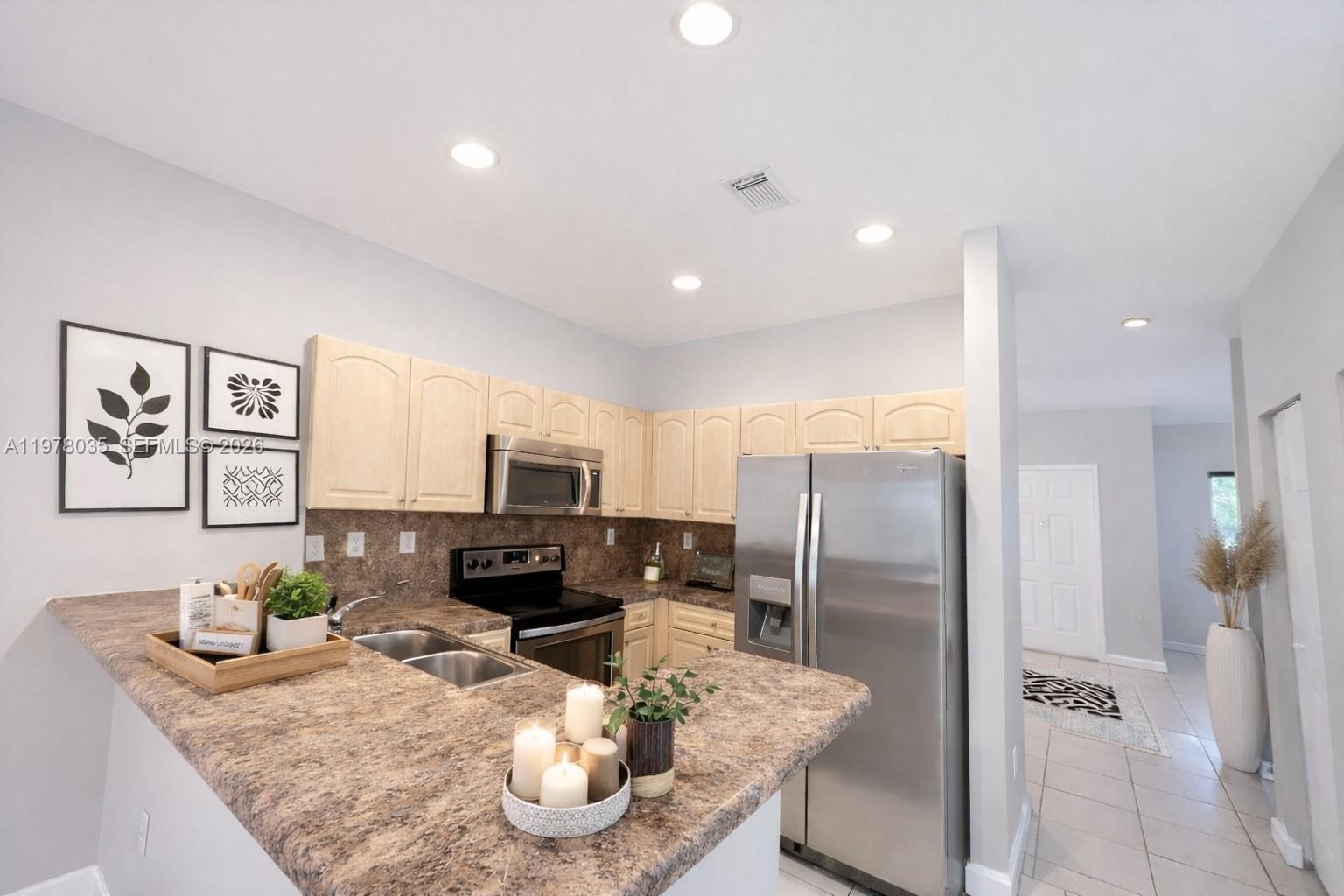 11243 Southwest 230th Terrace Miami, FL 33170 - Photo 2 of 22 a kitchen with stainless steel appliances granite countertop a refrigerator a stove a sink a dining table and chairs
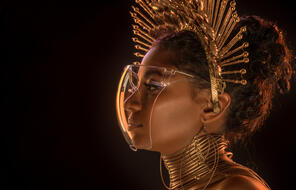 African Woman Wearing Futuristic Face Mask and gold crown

---

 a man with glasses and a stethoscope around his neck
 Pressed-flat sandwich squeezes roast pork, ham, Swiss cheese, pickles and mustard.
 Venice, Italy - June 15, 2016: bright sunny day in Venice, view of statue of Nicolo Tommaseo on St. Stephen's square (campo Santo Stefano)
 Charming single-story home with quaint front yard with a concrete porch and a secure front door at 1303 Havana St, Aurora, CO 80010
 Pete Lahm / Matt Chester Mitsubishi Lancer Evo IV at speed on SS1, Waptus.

WHAT NEEDS TO BE DONE: Retype, in the same exact form, the lines of the material above from the line holding "Charming single-story home" through the line holding "Pete Lahm /".

WRITTEN ANSWER:
 Charming single-story home with quaint front yard with a concrete porch and a secure front door at 1303 Havana St, Aurora, CO 80010
 Pete Lahm / Matt Chester Mitsubishi Lancer Evo IV at speed on SS1, Waptus.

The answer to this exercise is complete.